お金があればあるだけ使ってしまう野口。食事においても計画性はなく、とにかく手早く済まそうとした。店ではいつも同じメニューを頼んでは、ろくに味わわず、本を読みながらフォークで口に放り込んでいたという。
研究に熱が入れば、食事を抜くこともしばしばだった。夕方になって同僚から「家に帰らないのか」と聞かれると、こう答えたという。
「ここが僕の家だ」
そんな野口もニューヨークで知り合ったメリー・ダージスと結婚することで少しは家庭的になったらしい。妻の料理を手伝うこともあり、日本料理のすき焼きを教えたりもした。それでも相変わらず、いつも慌ただしく、食べている途中から顕微鏡を手元に寄せて、細菌をのぞいたりしたという。小学生のほうが、落ち着きがあるのでは……。
アイデアが浮かぶと仕事優先になったベル
電話を発明したスコットランド生まれの科学者アレクサンダー・グラハム・ベルも、働き出すとその手を止めることができなかった。睡眠時間は3~4時間で、そのほかの時間はひたすら仕事に没頭して、妻のメイベルを困らせている。

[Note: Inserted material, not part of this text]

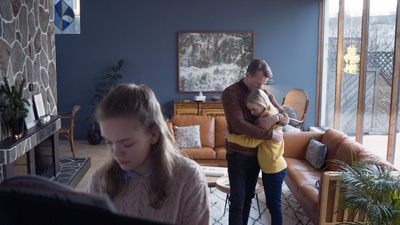 回声剧照的剧照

子どもが生まれるのを機に、メイベルはベルに何とか規則正しい生活を送らせようと涙ぐましい努力をしている。午前8時30分には朝食を食べさせ、午後7時には夕食を取らせたうえで「夕食後の2〜3時間は仕事をしない」というルールを作った。
ベルもそのルールを守ろうとはしたが、アイデアが浮かぶとやはり仕事優先になり、妻を失望させている。夢中になると歯止めが効かないのが、科学者という人種なのかもしれない。